New Delhi, November 12: A new study has estimated that 100 million people have died due to smoking in India over the last 100 years, and the worst apparently is yet to come. Nearly 4.52 trillion cigarettes and 40.3 trillion beedis have been produced in 100 years, between 1910 and 2010 in India, according to a new study published in the journal Current Science. And in an even more shocking revelation, the study has estimated nearly a 100 million premature deaths in India, as a result of smoking in the last 100 years.
The study found that in the first 50 years between 1910 and 1960, more than 5.5 trillion beedis and 52.7 billion cigarettes were manufactured and smoked.
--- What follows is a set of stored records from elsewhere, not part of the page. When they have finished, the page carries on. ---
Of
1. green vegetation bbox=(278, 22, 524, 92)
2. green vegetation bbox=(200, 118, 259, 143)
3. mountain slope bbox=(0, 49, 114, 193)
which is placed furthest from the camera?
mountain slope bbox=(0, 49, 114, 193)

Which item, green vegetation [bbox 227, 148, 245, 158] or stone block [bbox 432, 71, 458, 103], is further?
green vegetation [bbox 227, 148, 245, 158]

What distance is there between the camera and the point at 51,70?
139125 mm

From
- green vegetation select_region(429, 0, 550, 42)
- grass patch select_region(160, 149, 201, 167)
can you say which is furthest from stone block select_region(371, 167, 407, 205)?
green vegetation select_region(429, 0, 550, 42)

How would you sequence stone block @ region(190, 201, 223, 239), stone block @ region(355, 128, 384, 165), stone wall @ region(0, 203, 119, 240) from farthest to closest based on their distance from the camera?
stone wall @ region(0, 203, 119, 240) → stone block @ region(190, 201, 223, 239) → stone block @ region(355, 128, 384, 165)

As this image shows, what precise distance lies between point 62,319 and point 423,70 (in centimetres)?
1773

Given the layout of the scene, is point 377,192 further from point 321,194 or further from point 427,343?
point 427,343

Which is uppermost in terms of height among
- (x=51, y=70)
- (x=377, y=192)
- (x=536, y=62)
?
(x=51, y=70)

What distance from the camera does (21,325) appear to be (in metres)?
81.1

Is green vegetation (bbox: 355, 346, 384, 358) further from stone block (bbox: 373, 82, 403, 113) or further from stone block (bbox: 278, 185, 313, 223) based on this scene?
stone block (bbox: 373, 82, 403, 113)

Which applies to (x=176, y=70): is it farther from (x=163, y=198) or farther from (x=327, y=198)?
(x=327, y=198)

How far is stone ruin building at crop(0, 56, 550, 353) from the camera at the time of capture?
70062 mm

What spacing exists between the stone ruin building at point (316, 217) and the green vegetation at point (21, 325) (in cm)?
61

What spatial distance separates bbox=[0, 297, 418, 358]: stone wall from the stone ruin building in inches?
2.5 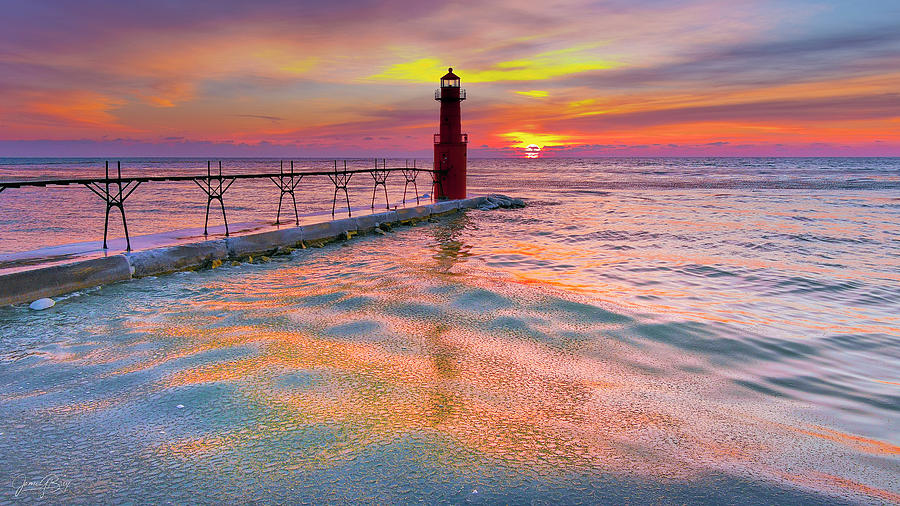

Researchers believe these smokers mostly died in a span of the next 40-50 years.
But researchers have warned that the larger part of the epidemic is yet to occur. That is because in the last 50 years, from 1960 to 2010, smoking rates went up four times - and these are estimated to cause a large number of deaths in the next 50 years.
Study Author Dr Nevin Wilson said, "Smoking is estimated to cause 78.8 million deaths till 2050." Another study author Dr PC Gupta said that if this continues, we will see more than 200 million deaths within this century.
Presently, India has 111 million smokers, but public health experts warn of a larger health epidemic in the 164 million Indian smokeless tobacco users. Gutka is known is causing 90 per cent of all oral cancers and is responsible for the maximum number of young heart attacks, Gupta said.